Dataset entries
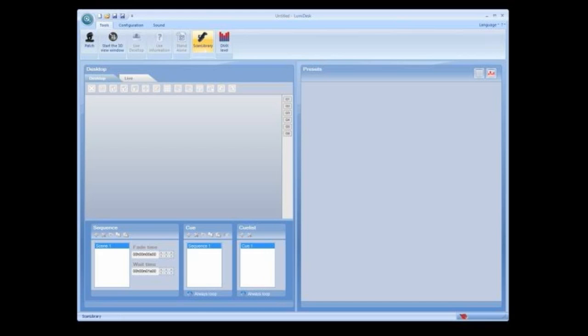Select Scan Library to start the editor software. Use Scan Library to create or modify the fixture profiles used in the software. Select DMX Level to see the DMX output levels in graphical form.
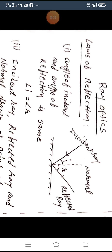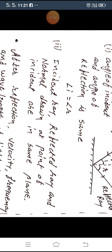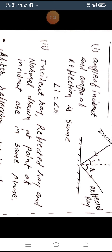The first law: the angle of incidence and angle of reflection are the same. The diagram shows the incident ray, the reflected ray, and the normal. All angles — whether angle of incidence, angle of reflection, or later the angle of refraction — are measured with respect to the normal only. The second law: the incident ray, the reflected ray, and the normal drawn at the point of incidence are all in the same plane.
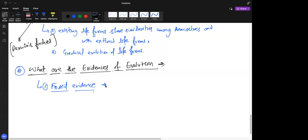Horse evolution is very well studied. Nowadays horses have hooves, but back in time horses evolved from organisms that used to have four toes, then three toes, then two toes, and eventually the hooves of present-day horses. Those are fossil records.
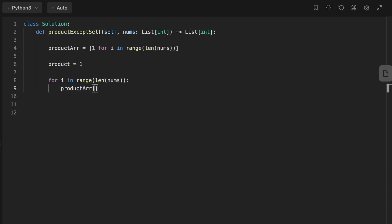update the product array at index i to product array at index i multiplied by product, then update product to product multiplied by the current number.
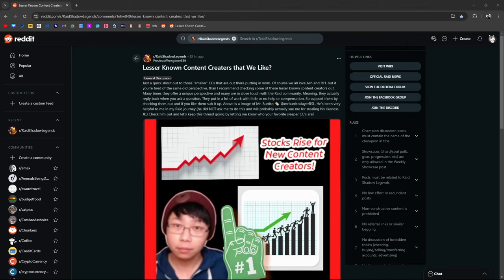Shout out to Wrongdoer886 who posted this last night. I saw it and wanted to go ahead and put it out there. I thought this was pretty cool. A quick shout out to those smaller CCs that are out there putting in work.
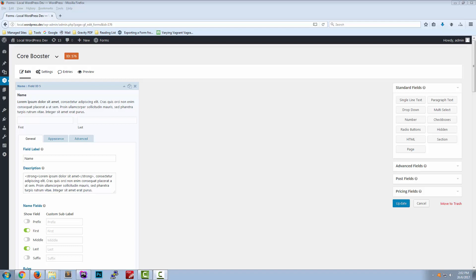One of the new features of the Core Booster add-on for Gravity PDF is the ability to display the field description in the Universal and Core PDF templates.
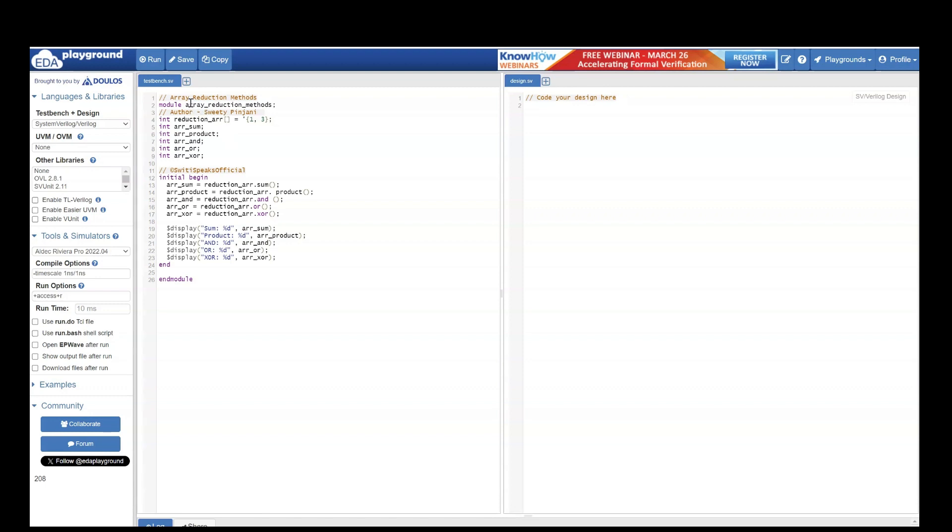Today we are going to see a coding example of array reduction methods. I had taken a module named array reduction methods. In that I am going to take an array reduction array. For simplicity, I have taken just two elements so that we can easily analyze the output.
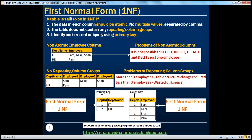What are the rules that a table should follow to be in first normal form? First, the data in each column should be atomic — no multiple values separated by commas. Looking at the example table here, I have department name and employees within that department. The employee column is not atomic because multiple employees are stored in the same column separated by commas.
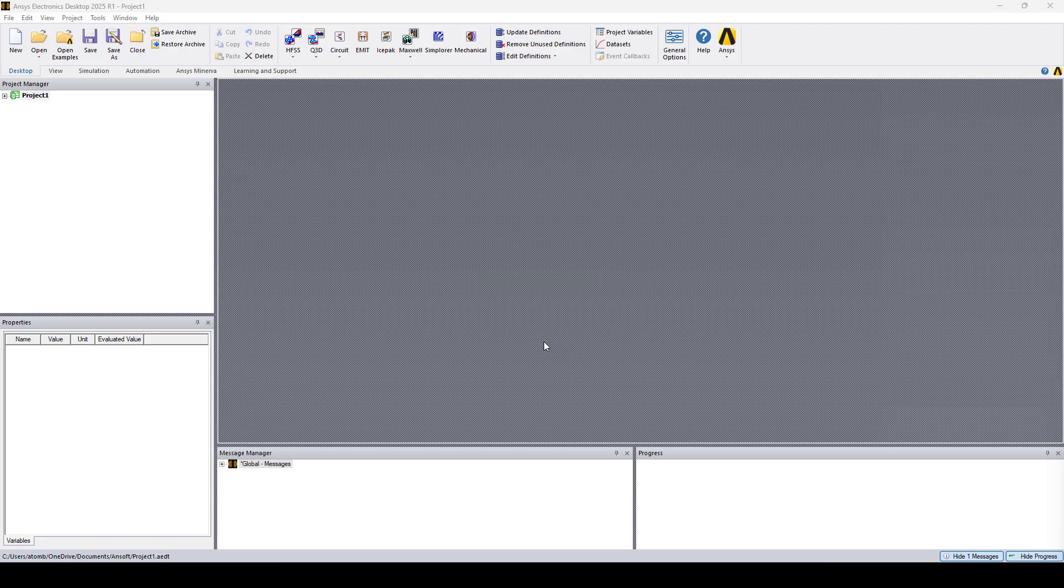Hello everyone, this is Adair from OSA Engineering, and in this video I'll show you how to enable additional CPU cores and GPU in Ansys Electronics Desktop.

= Prompt =
Repeat only what runs from the first line of the records above to the line with "The first law: the", both included, word for word, minus the pictures.

= Problem solution =
Select Scan Library to start the editor software. Use Scan Library to create or modify the fixture profiles used in the software. Select DMX Level to see the DMX output levels in graphical form.
The first law: the angle of incidence and angle of reflection are the same. The diagram shows the incident ray, the reflected ray, and the normal. All angles — whether angle of incidence, angle of reflection, or later the angle of refraction — are measured with respect to the normal only. The second law: the incident ray, the reflected ray, and the normal drawn at the point of incidence are all in the same plane.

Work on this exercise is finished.